Windows 10, version 1709, Windows Server, version 2004 and later versions of Windows no longer support the syskey.exe utility.

Applies to:   Windows 10 - all editions, Windows Server 2019, Windows Server 2016
Original KB number:   4025993

Changes detail

The following changes are made:

  • The syskey.exe utility is no longer included in Windows.
  • Windows will never prompt for a syskey password during startup.
  • Windows will no longer support installing an Active Directory domain controller by using Install-From-Media (IFM) that was externally encrypted by the syskey.exe utility.

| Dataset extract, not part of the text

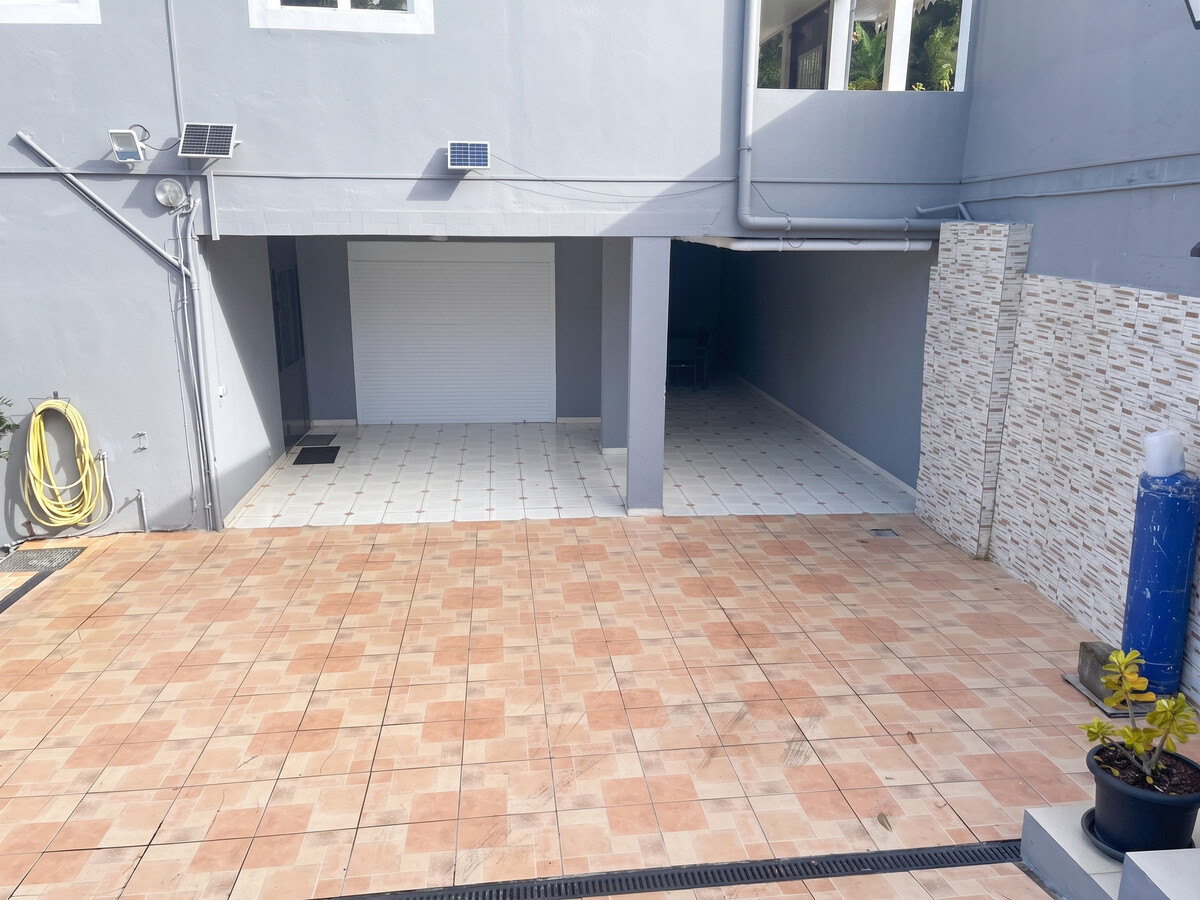 Villa avec piscine privée chauffée à Saint-Esprit, 3 chambres - Photo 7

If an operating system (OS) was externally encrypted by the syskey.exe utility, you can't upgrade it to Windows 10 version 1709, Windows Server version 2004, or a later version of Windows.

Workaround

If you want to use boot-time OS security, we recommend that you use BitLocker or similar technologies instead of the syskey.exe utility.

If you use Active Directory IFM media to install replica Active Directory domain controllers, we recommend that you use BitLocker or other file encryption utilities to protect all IFM media.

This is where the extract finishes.